---------- Extracted material

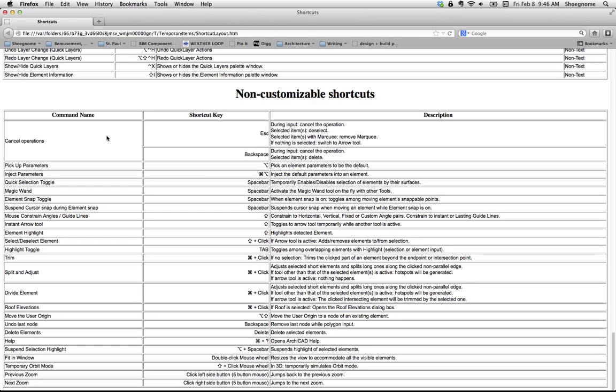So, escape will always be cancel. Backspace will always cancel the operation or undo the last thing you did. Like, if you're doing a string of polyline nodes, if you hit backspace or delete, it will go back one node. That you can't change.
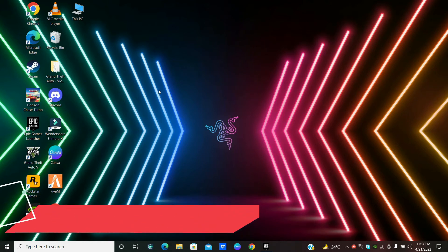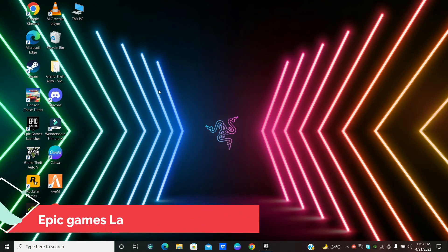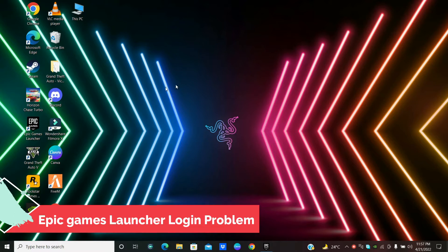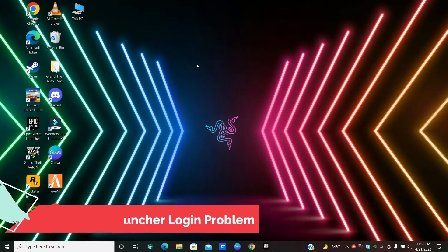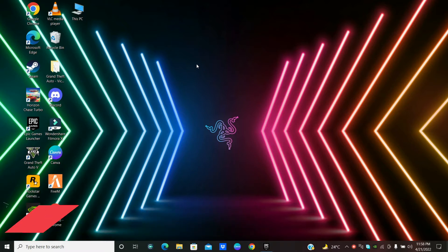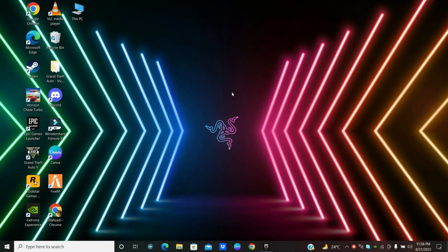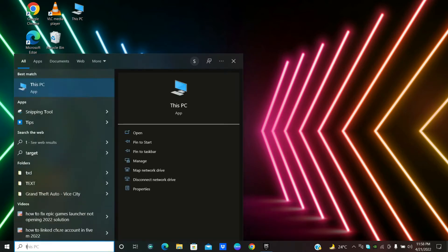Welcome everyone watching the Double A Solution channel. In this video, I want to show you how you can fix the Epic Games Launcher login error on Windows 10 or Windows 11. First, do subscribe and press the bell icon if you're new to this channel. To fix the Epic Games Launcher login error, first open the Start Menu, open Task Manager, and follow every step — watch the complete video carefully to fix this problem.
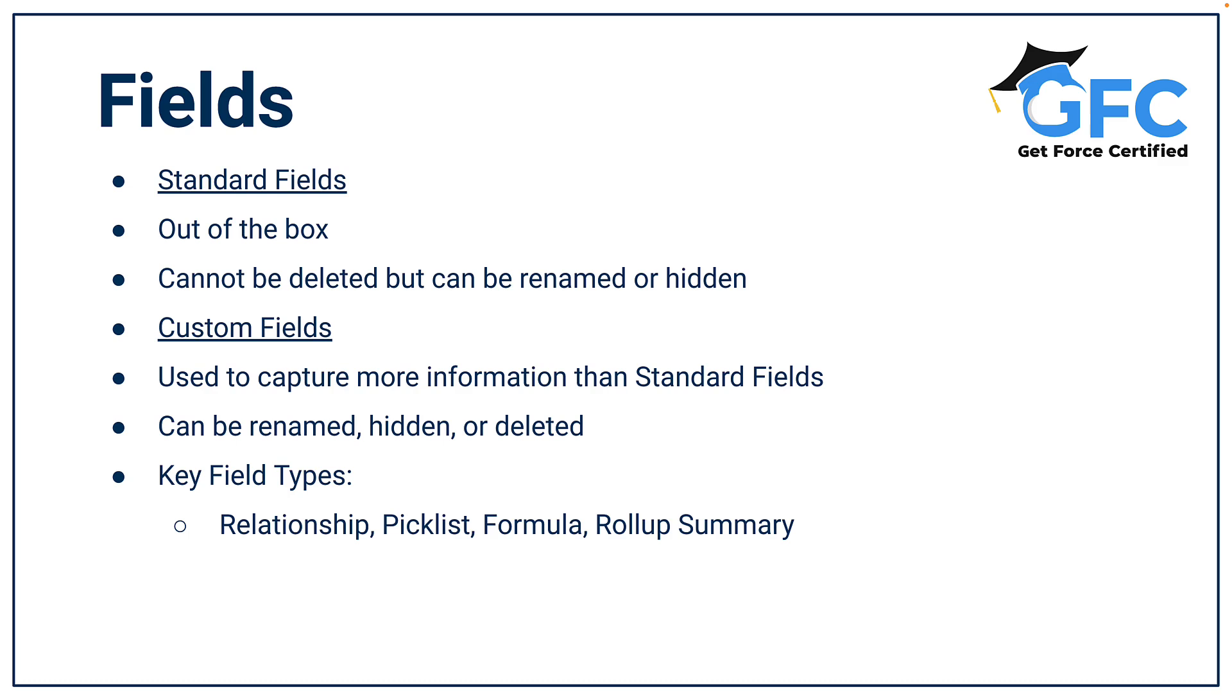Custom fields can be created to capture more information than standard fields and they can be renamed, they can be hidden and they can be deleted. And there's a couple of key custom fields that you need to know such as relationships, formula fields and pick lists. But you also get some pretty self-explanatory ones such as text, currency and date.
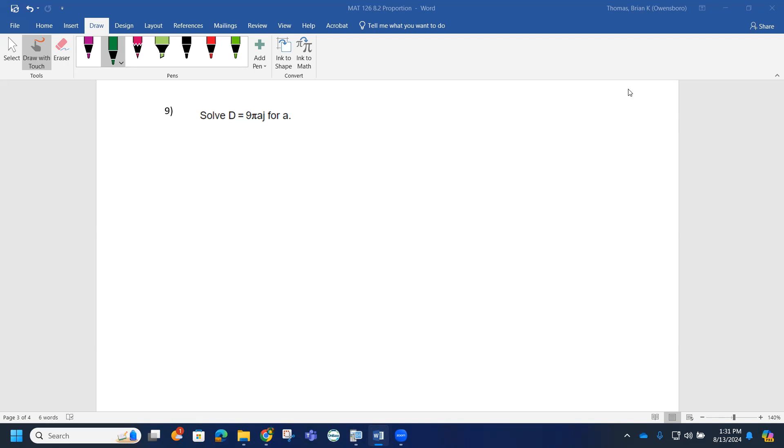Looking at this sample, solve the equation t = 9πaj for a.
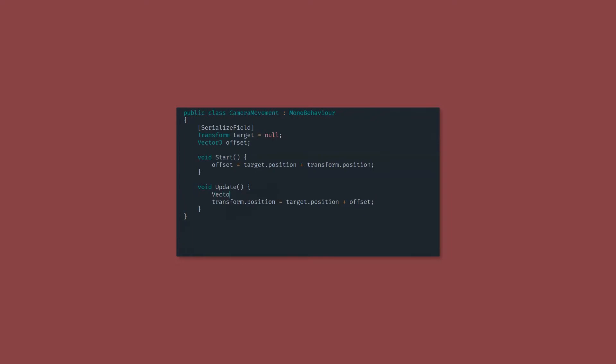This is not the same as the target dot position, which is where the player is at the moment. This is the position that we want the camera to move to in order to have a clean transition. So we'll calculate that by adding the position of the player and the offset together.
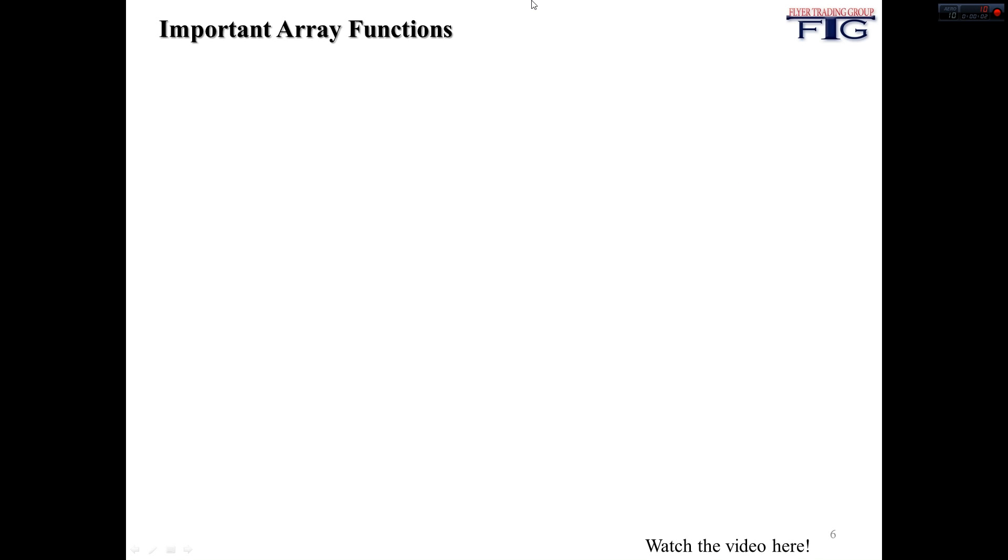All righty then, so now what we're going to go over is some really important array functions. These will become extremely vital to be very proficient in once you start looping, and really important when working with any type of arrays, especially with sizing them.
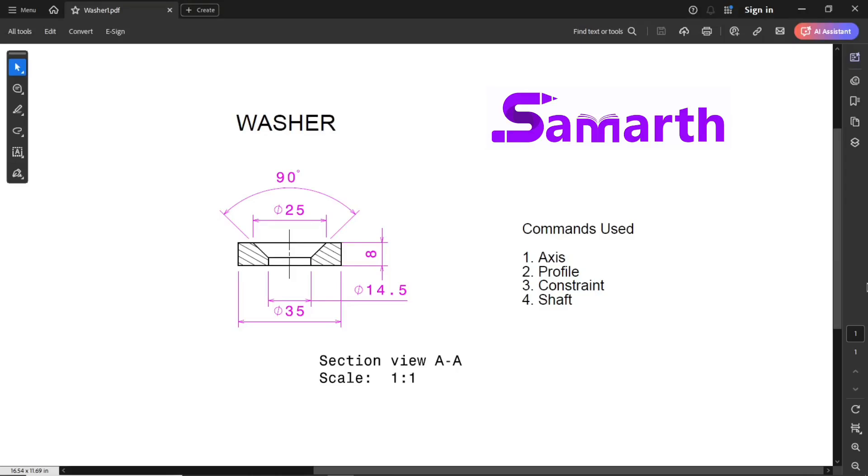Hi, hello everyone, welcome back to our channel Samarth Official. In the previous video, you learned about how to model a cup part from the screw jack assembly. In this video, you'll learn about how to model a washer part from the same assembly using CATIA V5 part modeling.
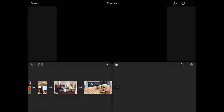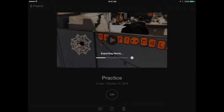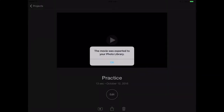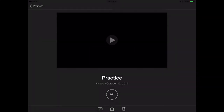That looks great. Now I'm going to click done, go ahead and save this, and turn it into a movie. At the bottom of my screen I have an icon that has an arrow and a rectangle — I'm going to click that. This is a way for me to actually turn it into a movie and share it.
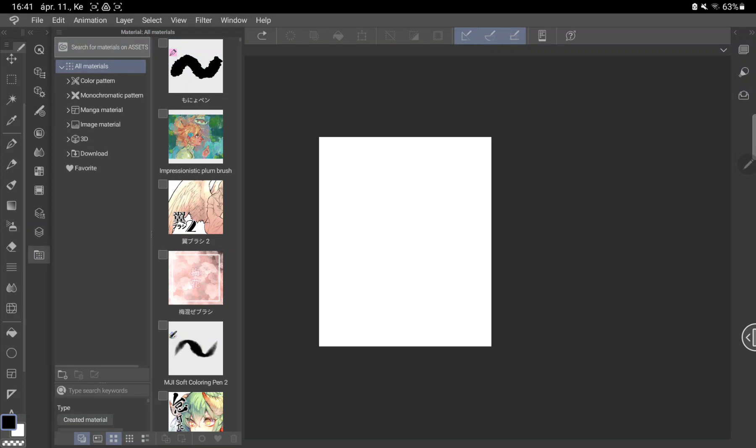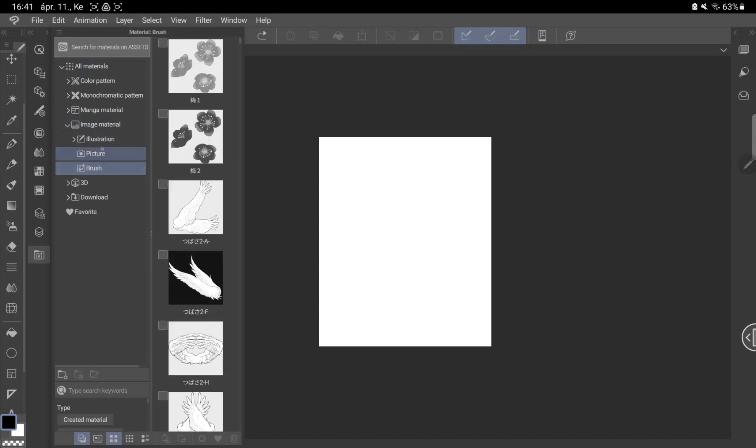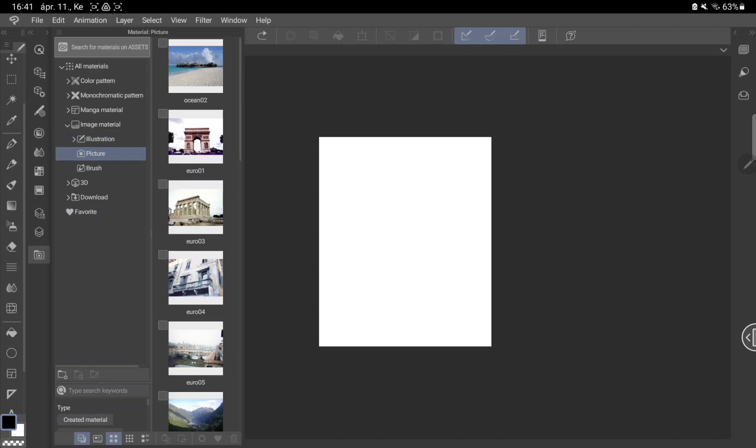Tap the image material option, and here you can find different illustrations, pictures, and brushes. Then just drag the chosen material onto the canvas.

--------------------

> [Brief] If the records contain pictures, skip them, and transcribe exactly every line from the one with "Welcome everyone watching" through the last line.

> [Exercise result]
Welcome everyone watching the Double A Solution channel. In this video, I want to show you how you can fix the Epic Games Launcher login error on Windows 10 or Windows 11. First, do subscribe and press the bell icon if you're new to this channel. To fix the Epic Games Launcher login error, first open the Start Menu, open Task Manager, and follow every step — watch the complete video carefully to fix this problem.
Custom fields can be created to capture more information than standard fields and they can be renamed, they can be hidden and they can be deleted. And there's a couple of key custom fields that you need to know such as relationships, formula fields and pick lists. But you also get some pretty self-explanatory ones such as text, currency and date.
Looking at this sample, solve the equation t = 9πaj for a.
This is not the same as the target dot position, which is where the player is at the moment. This is the position that we want the camera to move to in order to have a clean transition. So we'll calculate that by adding the position of the player and the offset together.
All righty then, so now what we're going to go over is some really important array functions. These will become extremely vital to be very proficient in once you start looping, and really important when working with any type of arrays, especially with sizing them.
Hi, hello everyone, welcome back to our channel Samarth Official. In the previous video, you learned about how to model a cup part from the screw jack assembly. In this video, you'll learn about how to model a washer part from the same assembly using CATIA V5 part modeling.
That looks great. Now I'm going to click done, go ahead and save this, and turn it into a movie. At the bottom of my screen I have an icon that has an arrow and a rectangle — I'm going to click that. This is a way for me to actually turn it into a movie and share it.
Tap the image material option, and here you can find different illustrations, pictures, and brushes. Then just drag the chosen material onto the canvas.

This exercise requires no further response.